Your copy should match the entries exactly, except that it holds no pictures.

--- Raw data Enclosed Below ---

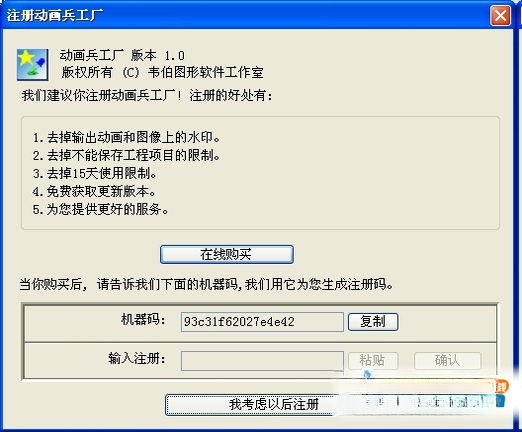 动画兵工厂3.2.1 动画制作利器 动画兵工厂3.2.1 动画制作利器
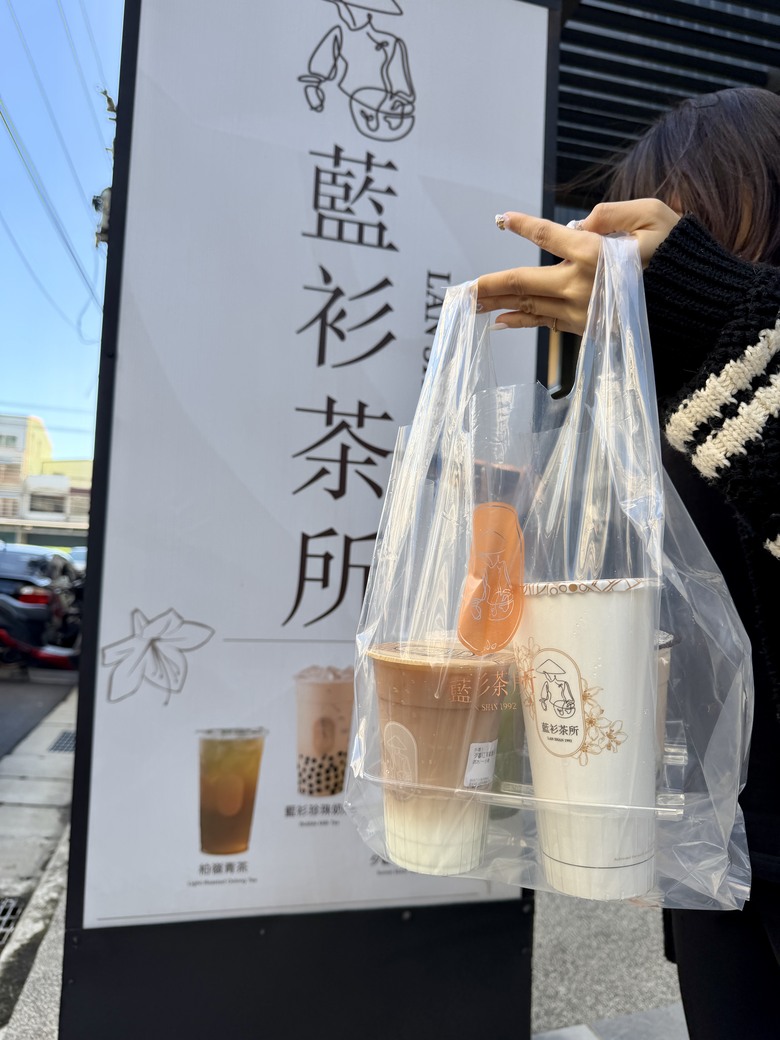 【開箱】最近超紅的藍衫茶所！分享幾款不踩雷必點推薦。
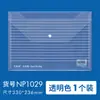 Staples Artículos de Oficina Negocios Bolsa Transparente para Archivos Snap-On Bolsa de Plástico para Documentos Carpeta Almacenamiento de Exámenes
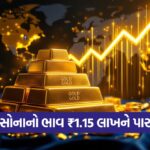 gold 2509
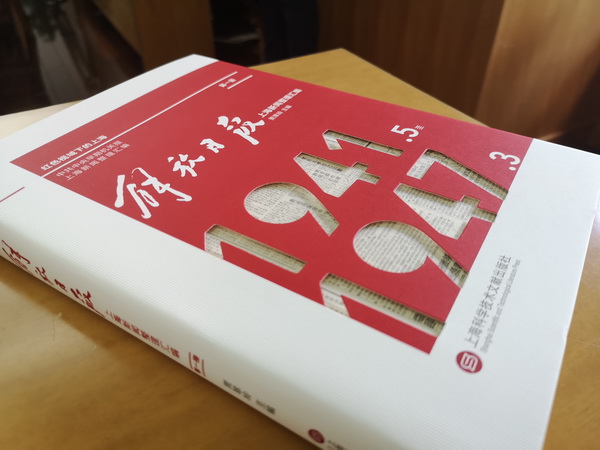 《红色视域下的上海》：中国革命和上海的渊源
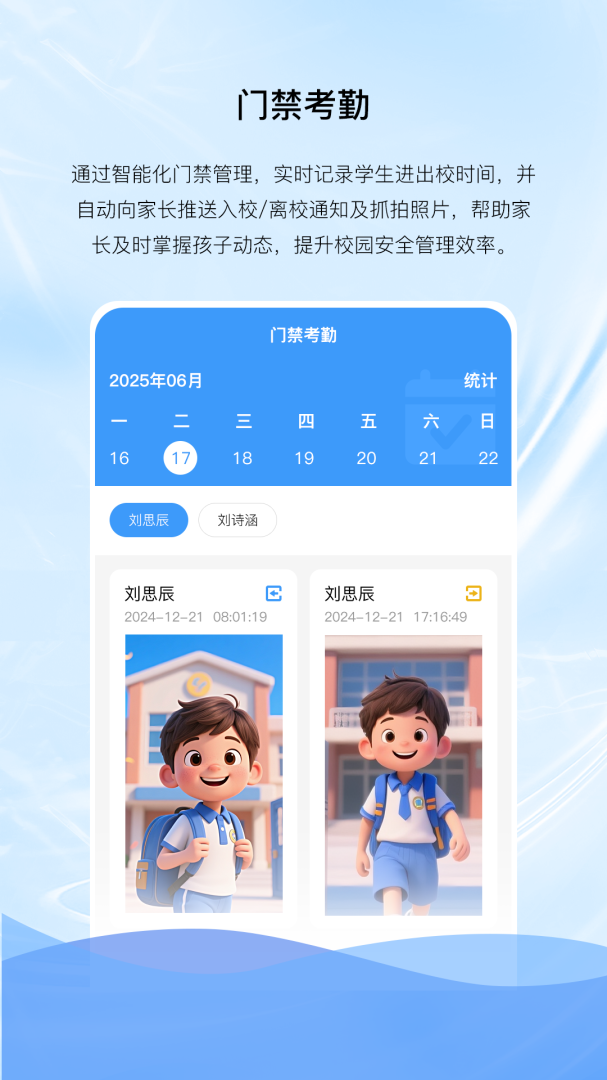 亿谷智慧教育 v4.3.48
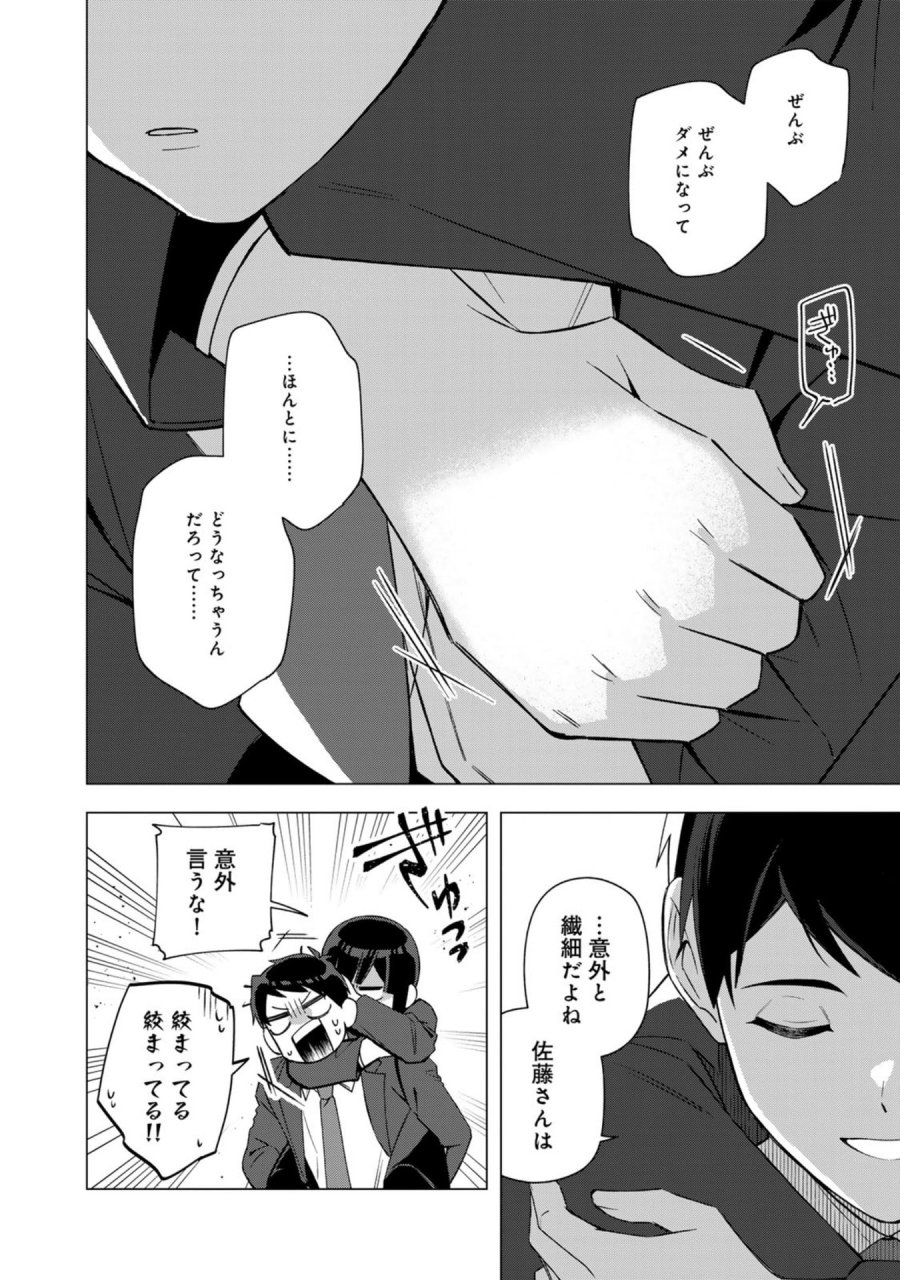 え、社内システム全てワンオペしている私を解雇ですか？ 第32話 - Page 16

--- End of Enclosed Raw data ---

» **Output of the task**
 动画兵工厂3.2.1 动画制作利器 动画兵工厂3.2.1 动画制作利器
 【開箱】最近超紅的藍衫茶所！分享幾款不踩雷必點推薦。
 Staples Artículos de Oficina Negocios Bolsa Transparente para Archivos Snap-On Bolsa de Plástico para Documentos Carpeta Almacenamiento de Exámenes
 gold 2509
 《红色视域下的上海》：中国革命和上海的渊源
 亿谷智慧教育 v4.3.48
 え、社内システム全てワンオペしている私を解雇ですか？ 第32話 - Page 16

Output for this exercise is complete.